» THE TASK
In the entries that follow, the first line to write out is the one containing "Спойлер Митсубиси Лансер", and the last is the one containing "我的病毒女友（移动版）064". Reproduce that stretch exactly, with nothing before or after it.

» INPUT DATA
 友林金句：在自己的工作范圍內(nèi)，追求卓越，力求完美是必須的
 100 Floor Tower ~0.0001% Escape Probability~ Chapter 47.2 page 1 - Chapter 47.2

* * *

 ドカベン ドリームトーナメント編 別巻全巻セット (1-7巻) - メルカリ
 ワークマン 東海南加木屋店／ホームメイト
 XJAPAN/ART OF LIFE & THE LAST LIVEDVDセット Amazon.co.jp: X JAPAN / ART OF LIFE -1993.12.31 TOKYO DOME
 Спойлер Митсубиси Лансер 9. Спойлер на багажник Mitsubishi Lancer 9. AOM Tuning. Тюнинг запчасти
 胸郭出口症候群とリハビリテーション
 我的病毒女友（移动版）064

...

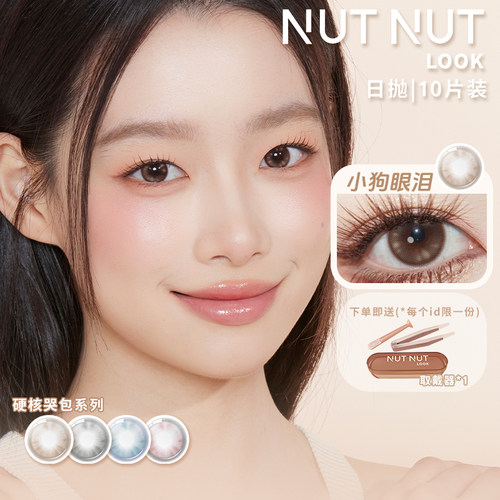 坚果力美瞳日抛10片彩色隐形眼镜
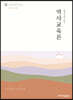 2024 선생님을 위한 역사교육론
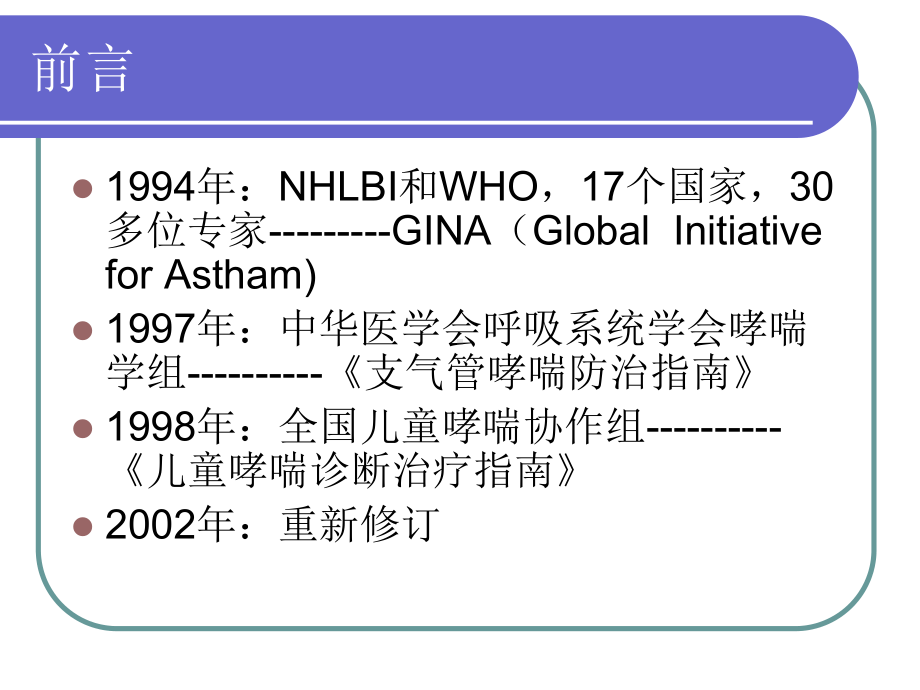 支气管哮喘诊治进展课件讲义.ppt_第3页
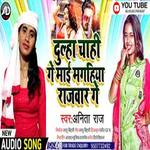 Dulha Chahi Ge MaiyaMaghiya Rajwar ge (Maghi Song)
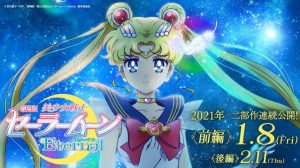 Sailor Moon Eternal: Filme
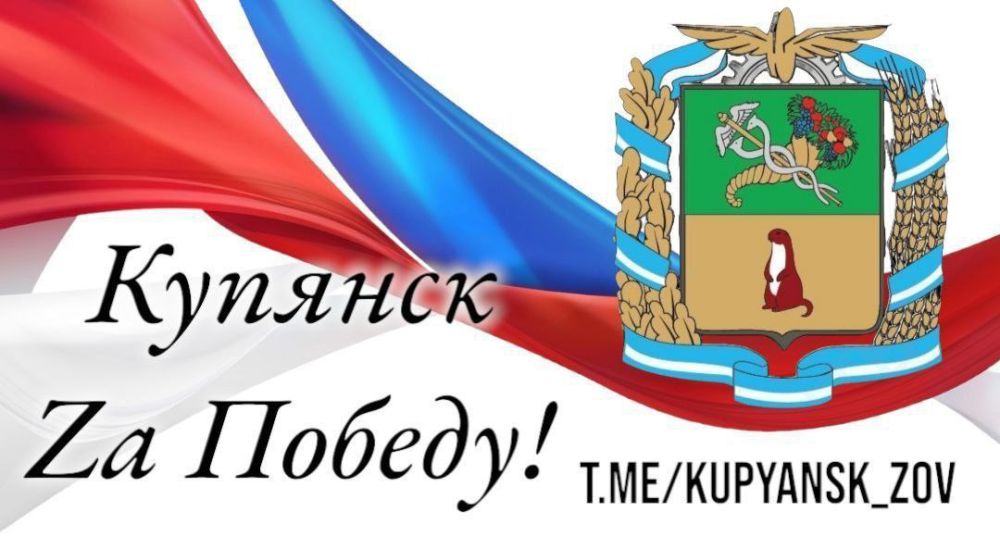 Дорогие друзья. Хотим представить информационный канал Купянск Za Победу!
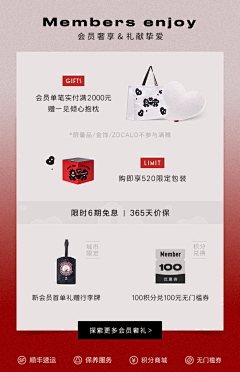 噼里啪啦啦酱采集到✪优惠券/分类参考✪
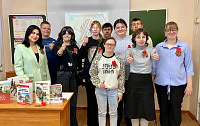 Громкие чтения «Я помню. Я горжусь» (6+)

» OUTPUT OF THE EXERCISE
 Спойлер Митсубиси Лансер 9. Спойлер на багажник Mitsubishi Lancer 9. AOM Tuning. Тюнинг запчасти
 胸郭出口症候群とリハビリテーション
 我的病毒女友（移动版）064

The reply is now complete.